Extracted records

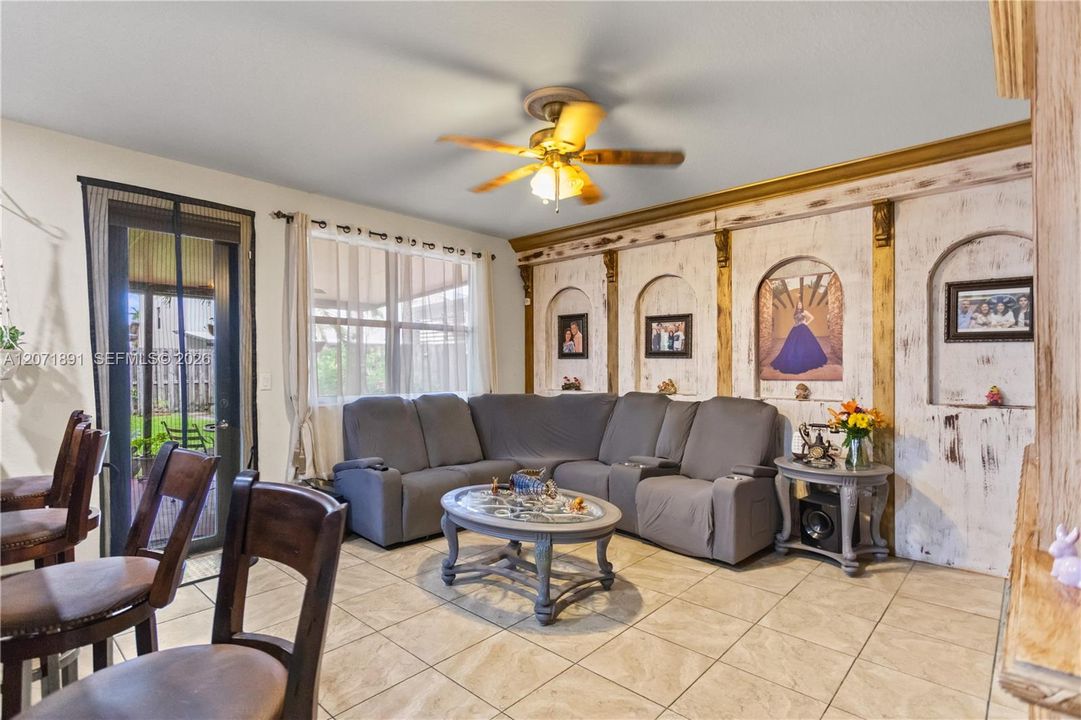 En Venta: $625,000 (3 camas, 2 baños, 2573 Pies cuadrados)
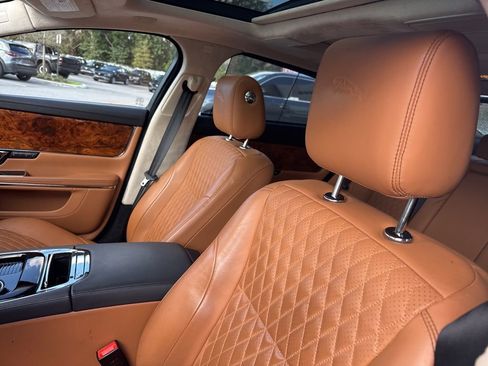 Used 2018 Jaguar XJ L Portfolio image 14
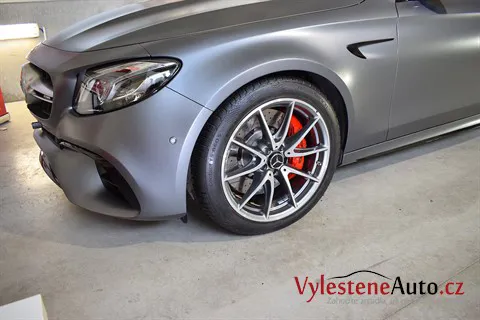 Mercedes E 63 AMG S - Komplexní nanokeramická ochrana karoserie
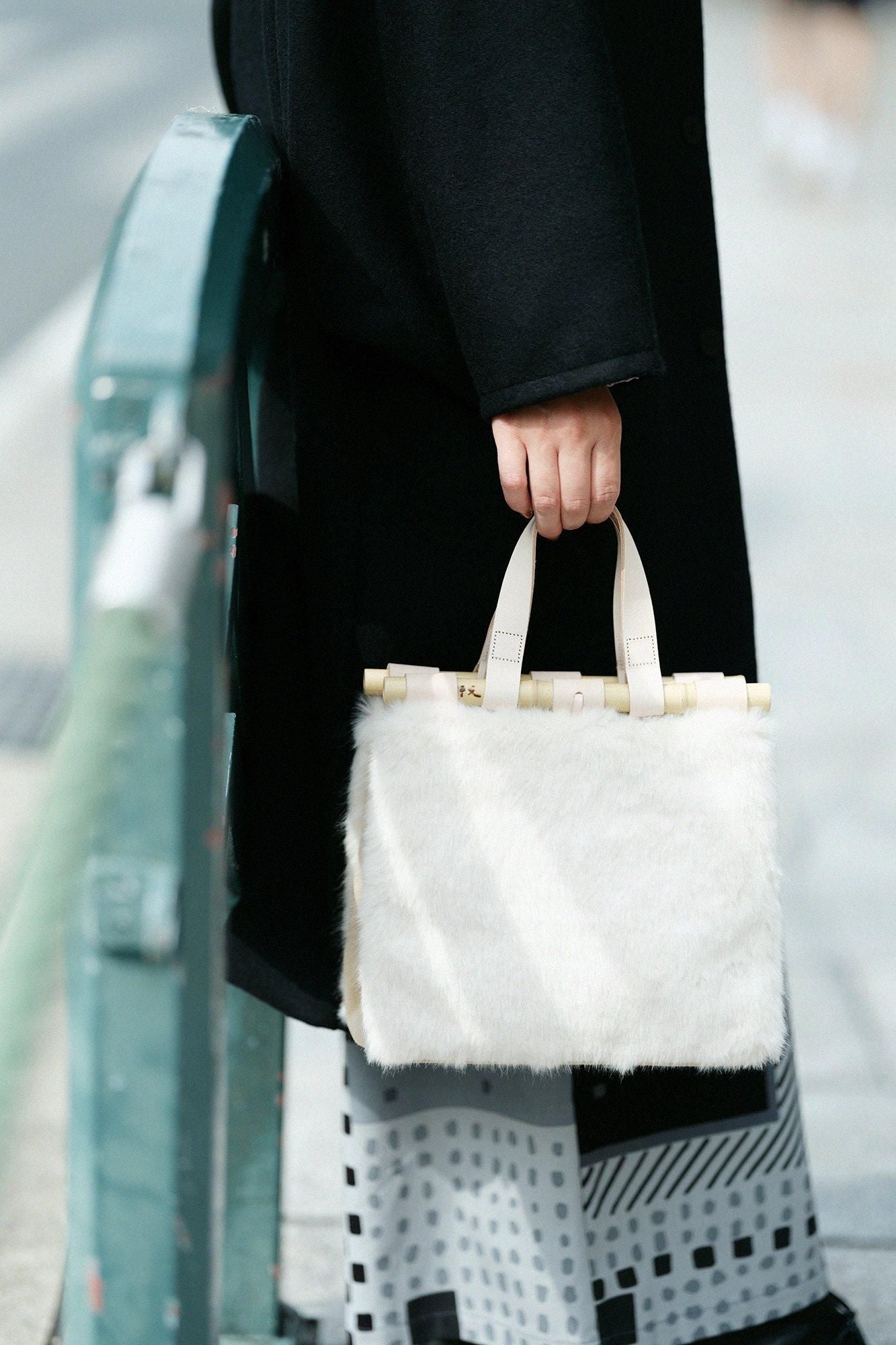 フェイクファー 道行小筥(みちゆきこばこ) /生白(きじろ)×おぼろ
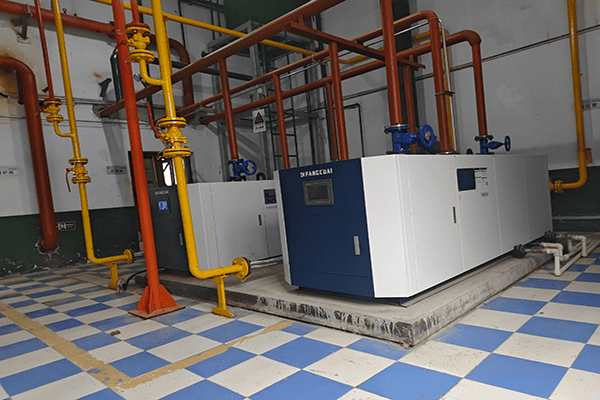 寧夏某鍋爐房使用方快鍋爐兩臺350kwr燃氣熱水鍋爐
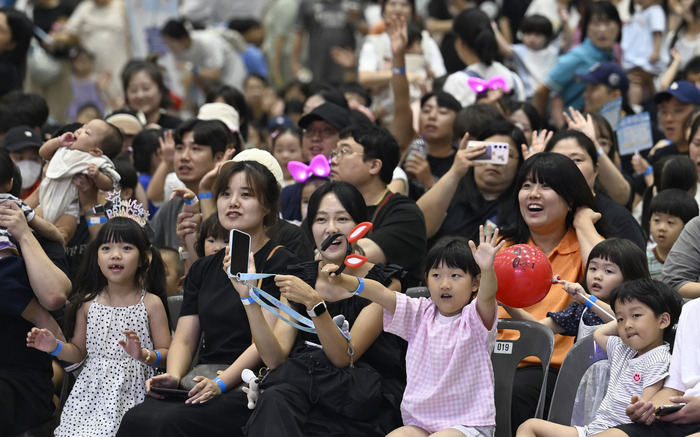경북도와 구미시가 주최하고 영남일보가 주관한 '2025 아이천국 경북 구미 페스티벌'에서 관람객들이 캐리와 친구들 공연을 관람하고 있다.
이윤호기자 yoonhohi@yeongnam.com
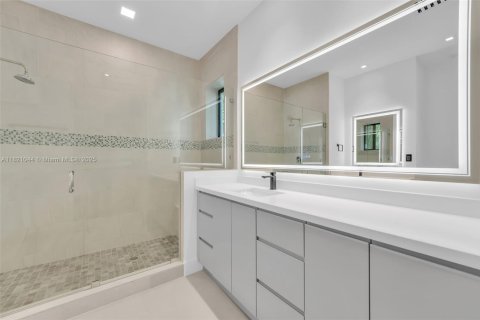 Townhouse in Miami, Florida 3 bedrooms, 239.41 sq.m. № 1782072 - photo 14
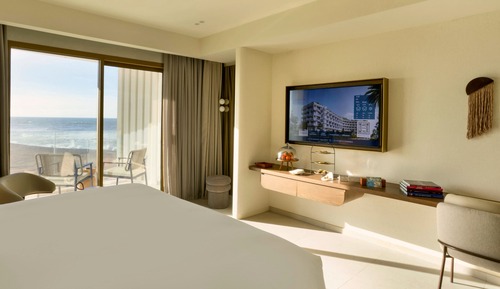 Deluxe Room, 1 King Bed, Ocean View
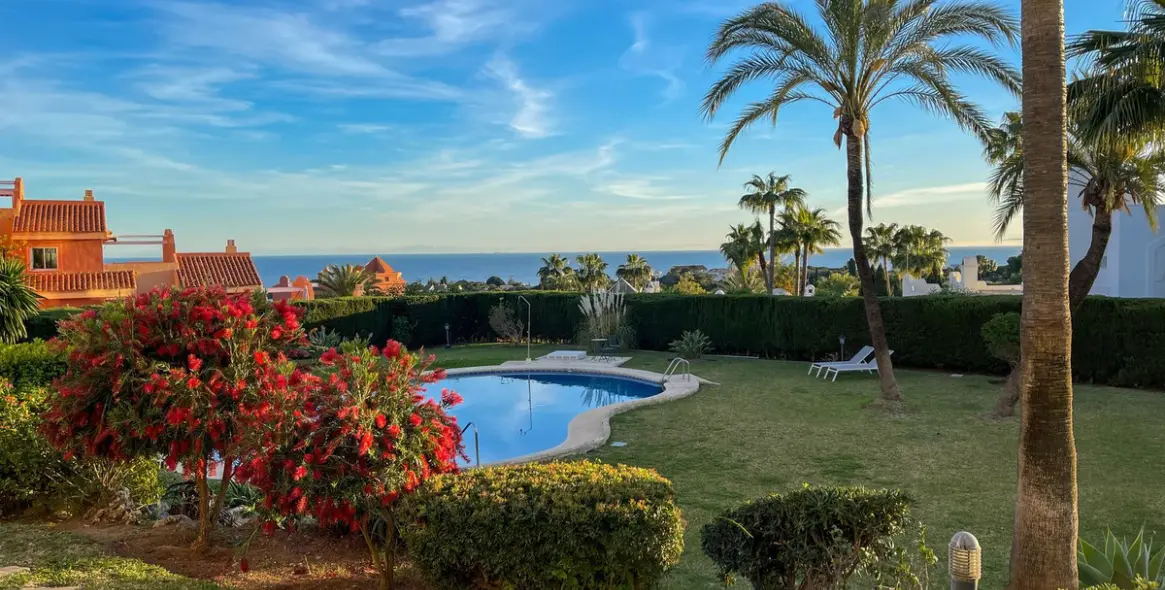 Short-term rent of penthouse in Reserva de Marbella 22
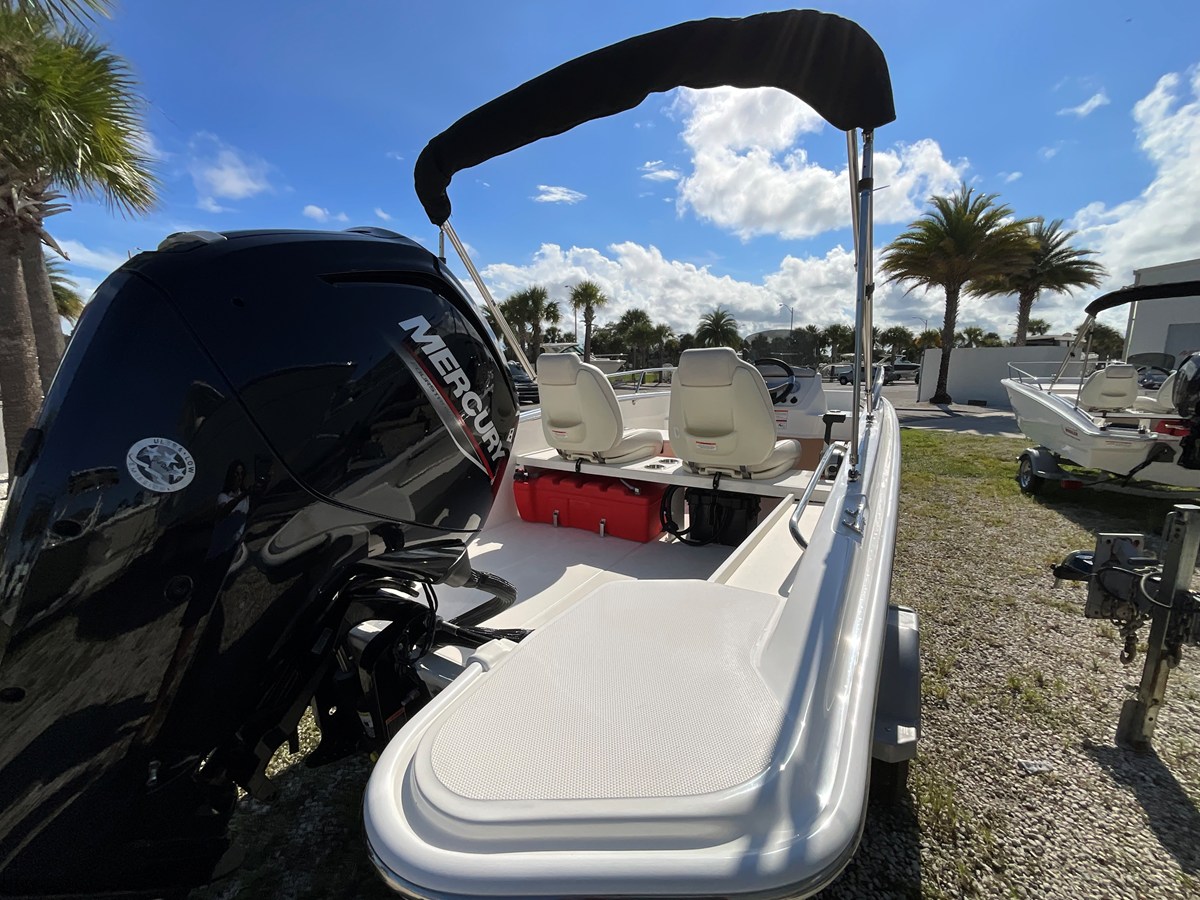 2027 Boston Whaler 160 Super Sport 6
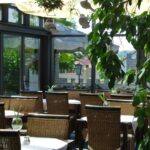 Eleganter Wintergarten im AKZENT Hotel Franziskaner, perfekt für gemütliche Stunden während Ihrer Silvesterreise.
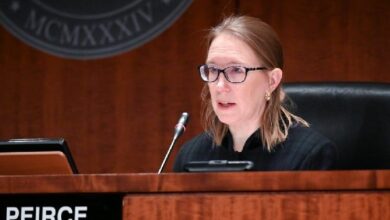 مفوضة هيئة الأوراق المالية الأمريكية هستر بيرس تتحدث عن سوق العملات الرقمية: ما رأيها في تشريعات العملات المشفرة؟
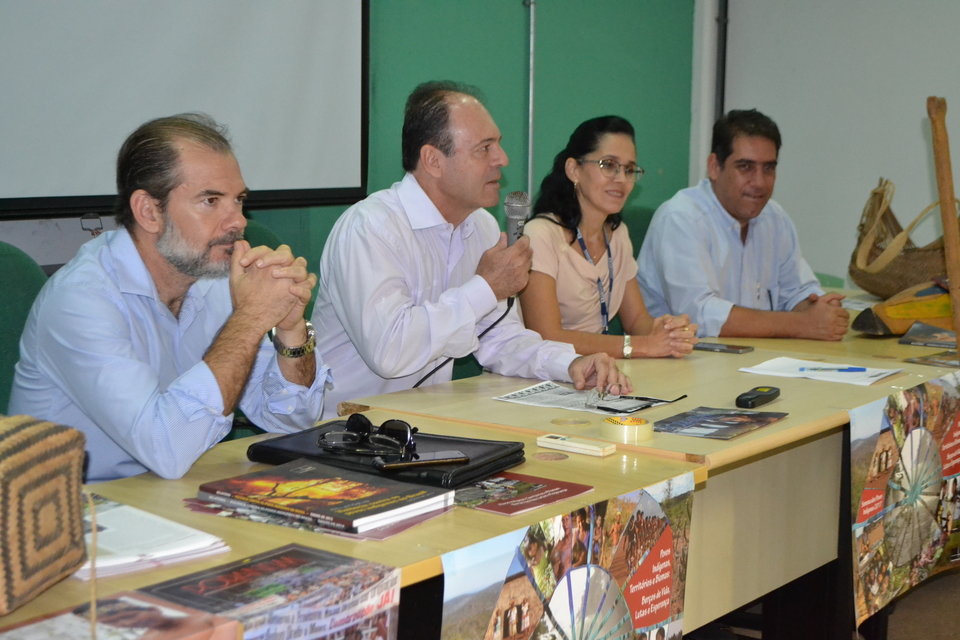 Manzano, Bovolato, Vânia e Pimenta (e p/ d) durante Seminário em Palmas (Foto: Samuel Lima/Dicom)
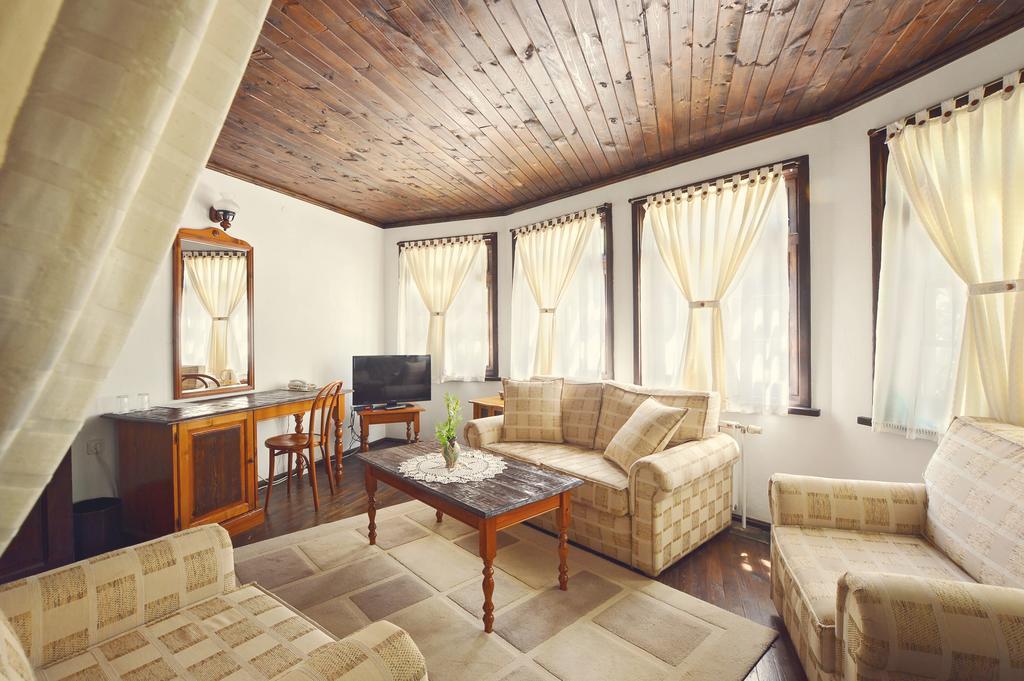 Family Hotel Fenerite Габрово Екстер'єр фото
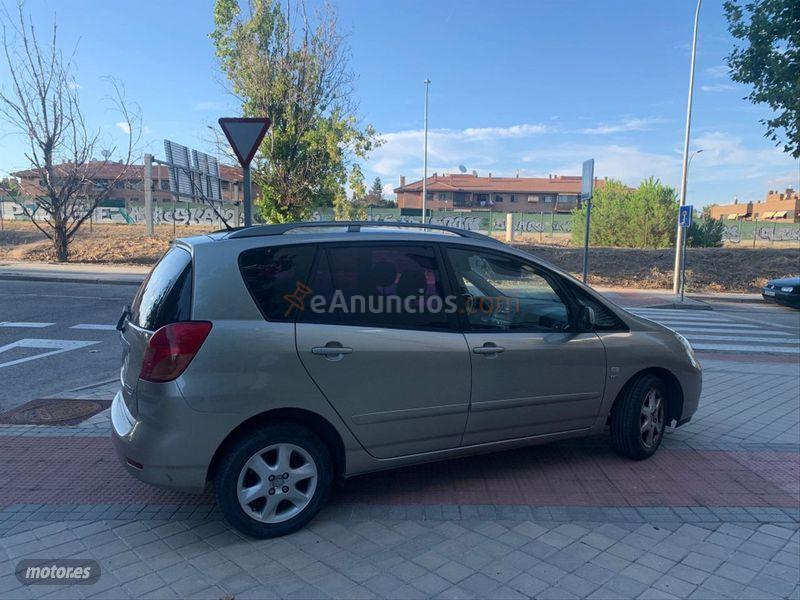 Toyota Corolla Verso 1.8 VVTi Linea Sol de 2003 con 219.811 Km por 3.150 EUR. en Madrid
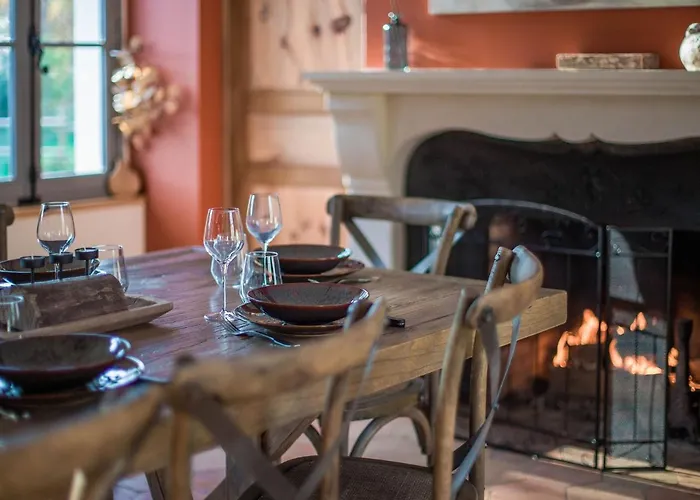 Parigné-l'évêque, 7 Pièces, 15 Personnes - Fr-1-410-361 * Parigné-lʼÉvêque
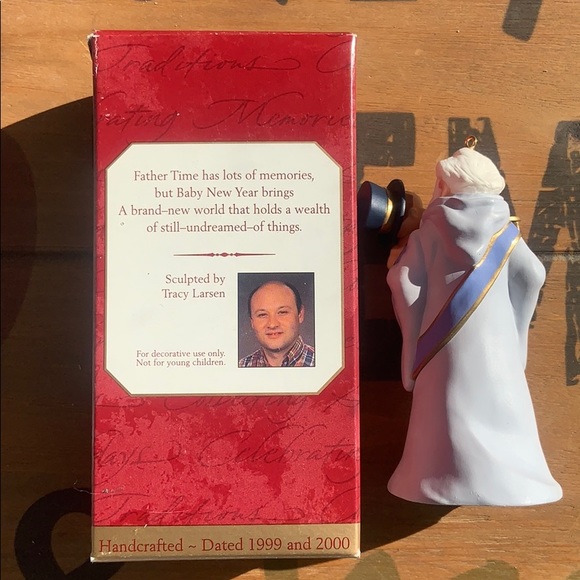 VNTG Hallmark Keepsake Ornament - Welcome to 2000 - Picture 3 of 3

- _Activity_: Exact copy required, pictures excluded: the lines from the one holding "Deluxe Room, 1 King Bed, Ocean View" through the last line of the data, both ends included.

- _Exercise answer_:
 Deluxe Room, 1 King Bed, Ocean View
 Short-term rent of penthouse in Reserva de Marbella 22
 2027 Boston Whaler 160 Super Sport 6
 Eleganter Wintergarten im AKZENT Hotel Franziskaner, perfekt für gemütliche Stunden während Ihrer Silvesterreise.
 مفوضة هيئة الأوراق المالية الأمريكية هستر بيرس تتحدث عن سوق العملات الرقمية: ما رأيها في تشريعات العملات المشفرة؟
 Manzano, Bovolato, Vânia e Pimenta (e p/ d) durante Seminário em Palmas (Foto: Samuel Lima/Dicom)
 Family Hotel Fenerite Габрово Екстер'єр фото
 Toyota Corolla Verso 1.8 VVTi Linea Sol de 2003 con 219.811 Km por 3.150 EUR. en Madrid
 Parigné-l'évêque, 7 Pièces, 15 Personnes - Fr-1-410-361 * Parigné-lʼÉvêque
 VNTG Hallmark Keepsake Ornament - Welcome to 2000 - Picture 3 of 3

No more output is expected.